We needed to do laundry early and quickly before we set out for the day’s adventures. There was a Laundromat near to the place where we were staying. It was small, a bit dingy, and clearly a concession to tourists as most Florentians do laundry at home. The soap was dispensed from a machine similar to a coffee machine. This machine sported a handmade sign saying BIO, and when you put in a 50cent token detergent oozed down a tube into a plastic cup. After using the detergent, you returned the plastic cup to the repurposed coffee machine — that is if it didn’t slither out of your hand first.
Once we got the wash in, I left Deborah with the laundry and went looking for a place to get coffee and a nosh. I found a café at the next corner. It was a bright, woody and pleasant place with a display case full of tempting noshes. The regulars were standing at the counter drinking their espressos from those cute, tiny ceramic cups. To place my order I had to dodge in between the regulars. Since Deborah was minding the laundry, I ordered cappuccinos and apricot croissants to go. The barista put the croissants in a paper bag and the cappuccinos in plastic Dixie cups with no lids – and not even the good red Dixie cups, but the translucent white cups with the ribs.

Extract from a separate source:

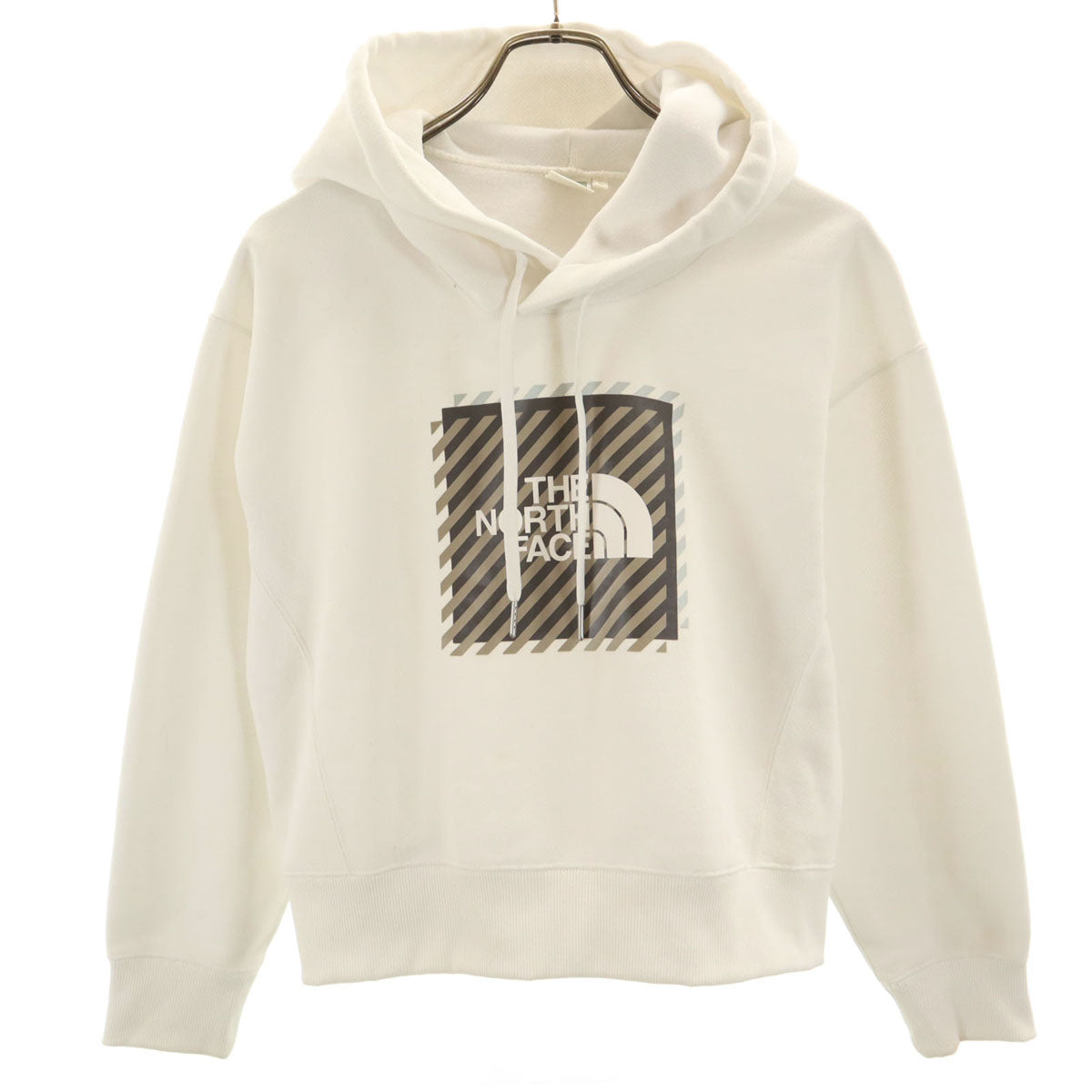THE NORTH FACE ノースフェイス 長袖 ブレイブ スウェットパーカー L ホワイト NTW62161 アウトドア 裏起毛 レディース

I took it as a cheerful challenge to juggle the bag and two cups for the half a block back to the Laundromat. It was only when I had everything secure on a bench that this experience set my wheels turning. While plastic Dixie cups were not exactly eco-friendly, they were an indication of how little a concession Italians make for to go. And then the corollary popped into my mind: Americans are addicted to speed and ease. In the ballet of pedestrians, bicycles, scooters, motorcycles and cars that is Florentian traffic, not once did I see a delivery vehicle. And in investigating four Italian cities, I saw maybe two McDonalds.
As the detergent cup in the Laundromat evinced, Italians don’t go in much for overpackaging. There weren’t even many pizza boxes to be found. A trip to the market would cost you 5 cents extra if you forgot your bag. Even at a food kiosk in a park, the cappuccinos were served to us in ceramic cups. At a time when some first world countries are shipping their garbage to other countries, a cut back on garbage seems quite sane. According to The Clean Air Council, each American uses 500 disposable cups per year. I figure that the little detergent cup in the Laundromat saves many pounds of garbage each day. Not only does it save on garbage, but also the resources and energy needed to create and transport the containers that become garbage.
Protecting our endangered planet is very important to me, but sitting in that Laundromat I found a more personal reason to rethink the way we do things. When I pulled apart the apricot croissant, I realized that fresh replaced fast. Food in Italy is not an afterthought. Meals are meant to be savored, not dug out of boxes. I remember one meal at a restaurant where they brought to our table a metal mesh basket full of fresh fava beans. As we talked, we pulled apart the pods and ate the fresh beans. The only refuse was nature’s own biodegradable containers, and the taste was splendid. As an impatient American, I was sometimes annoyed when I had to elbow my way through espresso drinkers standing at the bar in order to place my order. But now I realize that they were much more likely to experience their coffee as a beverage rather than as a quick drug ingested on the run. I found out that a happy consequence of creating as little garbage as possible is living life intentionally.